DATA PROVIDED ->

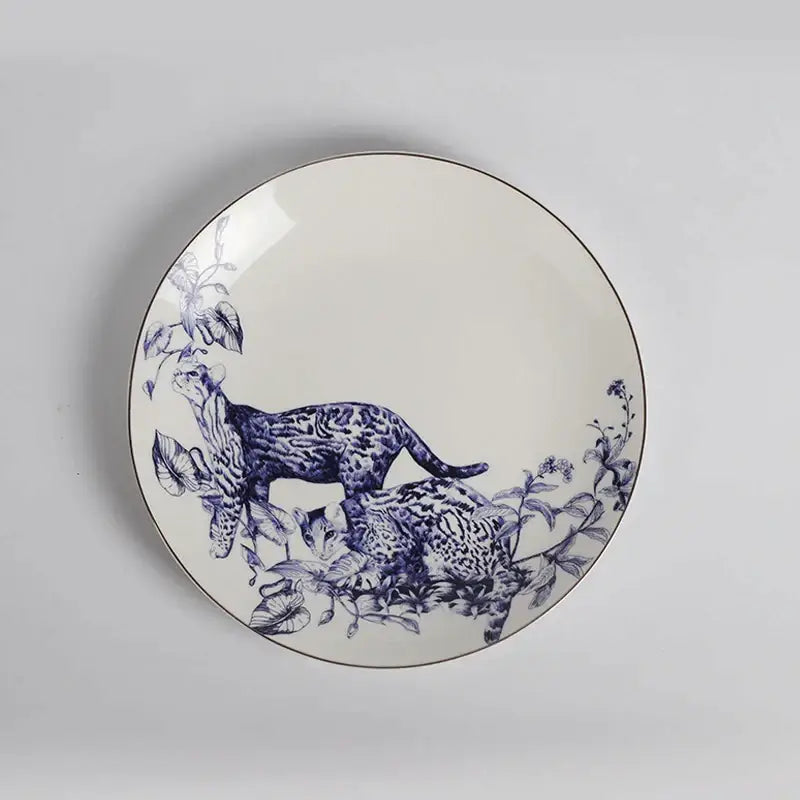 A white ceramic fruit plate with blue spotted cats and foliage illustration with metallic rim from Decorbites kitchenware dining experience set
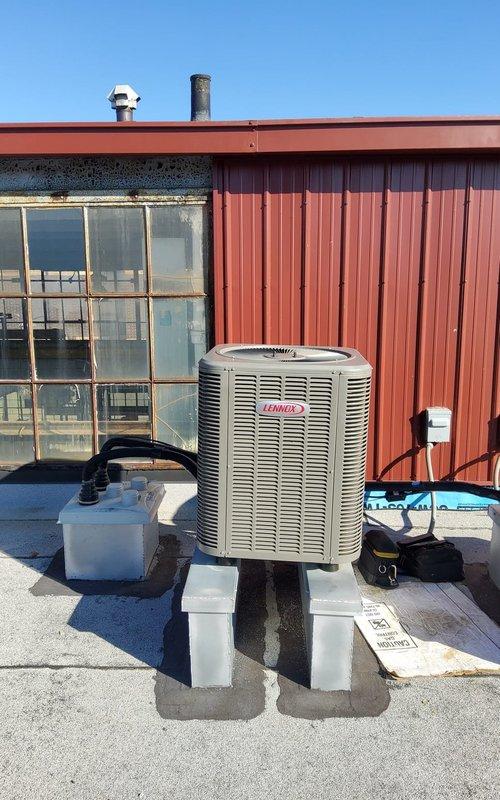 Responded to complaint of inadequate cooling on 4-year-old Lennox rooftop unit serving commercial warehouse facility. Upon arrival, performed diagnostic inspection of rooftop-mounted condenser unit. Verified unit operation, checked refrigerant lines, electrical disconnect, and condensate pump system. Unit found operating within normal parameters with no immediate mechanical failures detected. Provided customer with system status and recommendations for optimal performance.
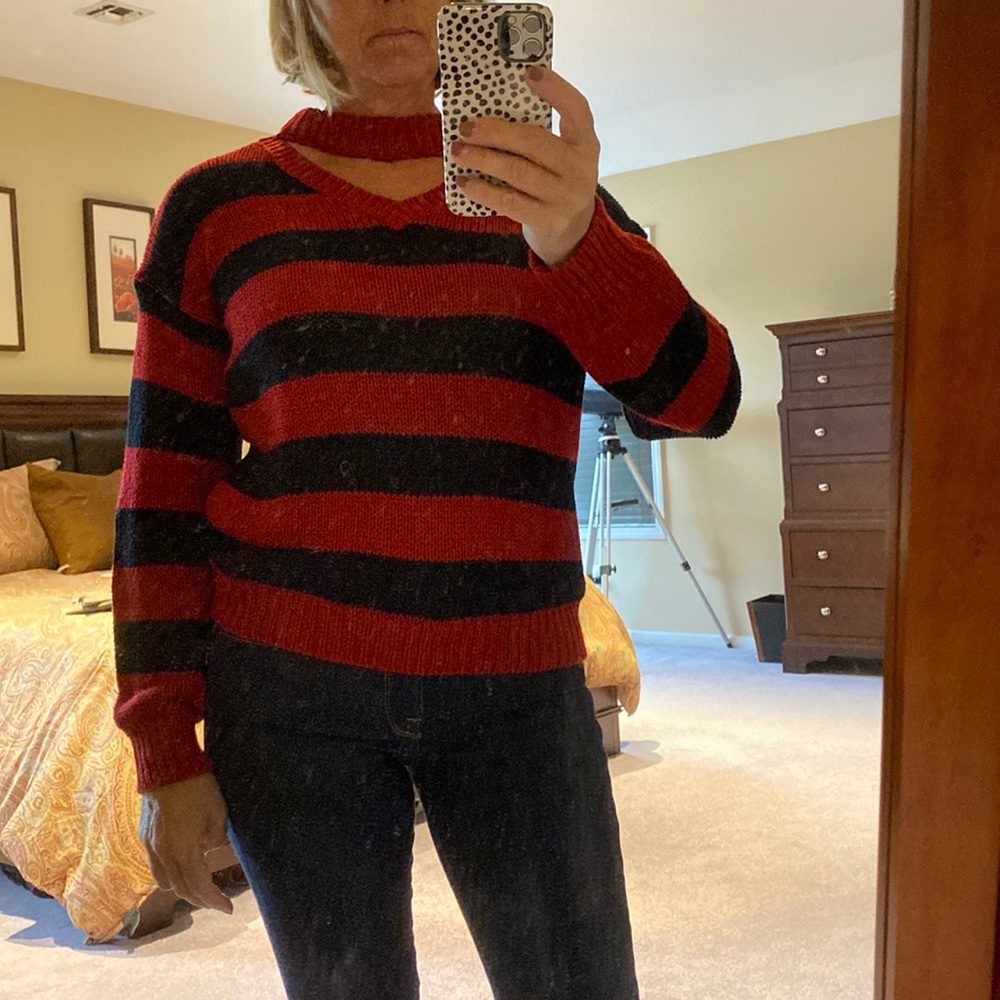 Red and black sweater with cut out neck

PROBLEM REQUIREMENTS -> Find the line that contains "Responded to complaint" and repeat it, along with every line after it to the end of the data, exactly; drop the pictures.

EXPECTED OUTPUT ->
 Responded to complaint of inadequate cooling on 4-year-old Lennox rooftop unit serving commercial warehouse facility. Upon arrival, performed diagnostic inspection of rooftop-mounted condenser unit. Verified unit operation, checked refrigerant lines, electrical disconnect, and condensate pump system. Unit found operating within normal parameters with no immediate mechanical failures detected. Provided customer with system status and recommendations for optimal performance.
 Red and black sweater with cut out neck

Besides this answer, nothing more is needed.